So while it's a disappointment, it's hardly a surprise to read this little gem from his column today:
Every Democrat on the committee signaled in the hearing a readiness to make needed adjustments in the FISA statute, as Congress has done five times since 2001 to provide more flexibility. The Democrats clearly had heeded Karl Rove's recent speech to the Republican National Committee, signaling an intention to tag them -- once again -- in the 2006 campaign as being soft on terrorism.
They went out of their way to avoid that charge, with Ted Kennedy even applying some reverse English to the argument, by suggesting that al Qaeda suspects might beat the rap in court by their lawyers' successfully challenging evidence obtained through surveillance conducted under questionable legal authority.
I love how he frames this as "Rove speak, Dems jump", as if the Dems were the obedient dog. Broder puts them in the passive, reactive mode. God forbid he frame it as "Rove once again exploited national secrurity for politics, falsely accusing Dems of..."

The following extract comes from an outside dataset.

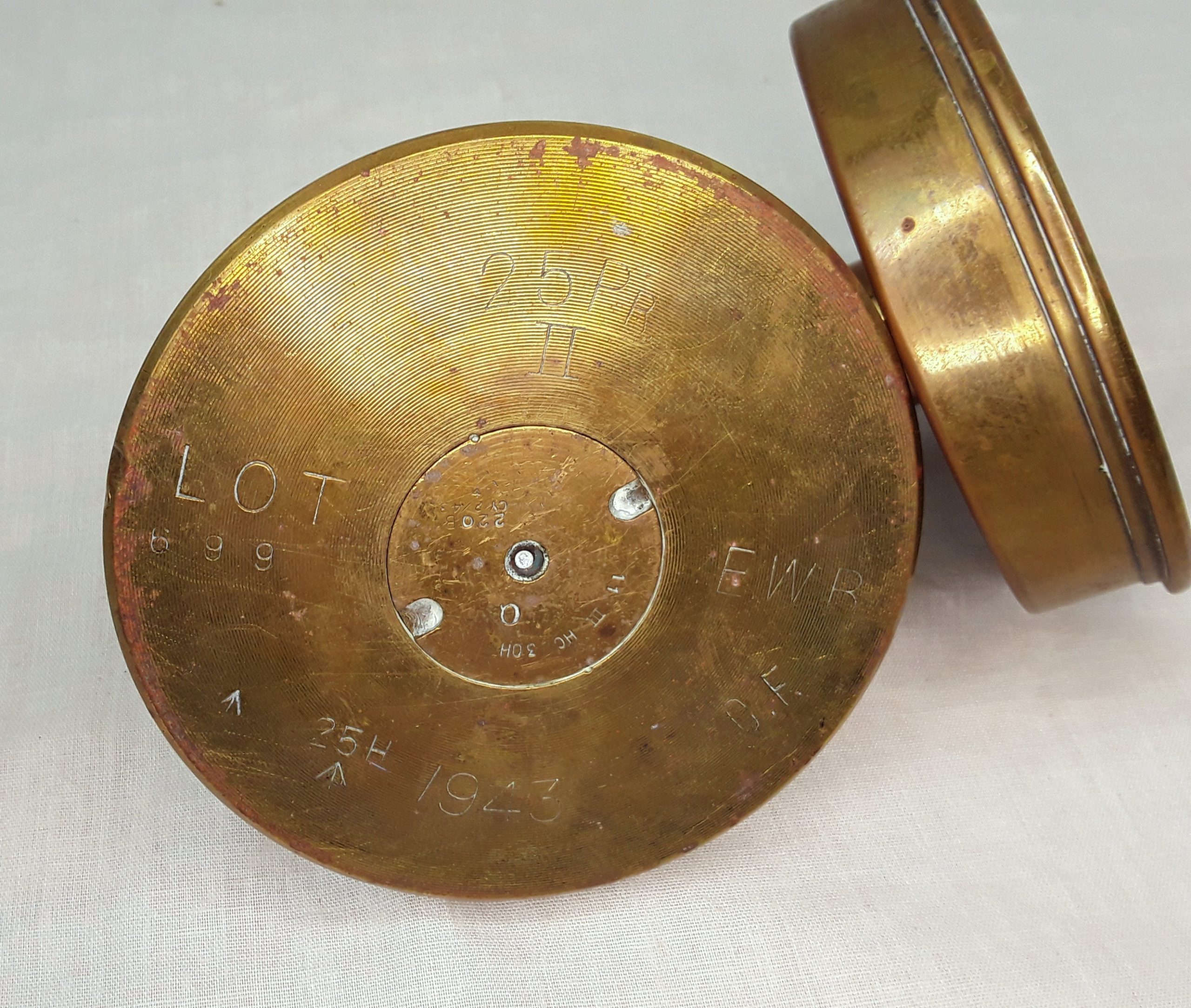 Pair Of 25 Pounder WW2 Shell Ashtrays With French Coins - Image 7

Look, we do have issues with the party not being effective at crafting a message and for sure the party has, since the Cold War, had to fight the perception that it is weak on national security. However, reality shows us that most Dems are quite serious about real and effective solutions to protecting the country from terrorism. It's discouraging then, to read more b.s. "conventional wisdom", framed in a way that puts Rove in charge, and doesn't call Rove on this disgusting campaign tactic. I would like to think that Broder knows better, but sadly he doesn't.
Perhaps it's time for a few firm but cordial e-mails to the dean, to let him know that people are tired of lazy punditry.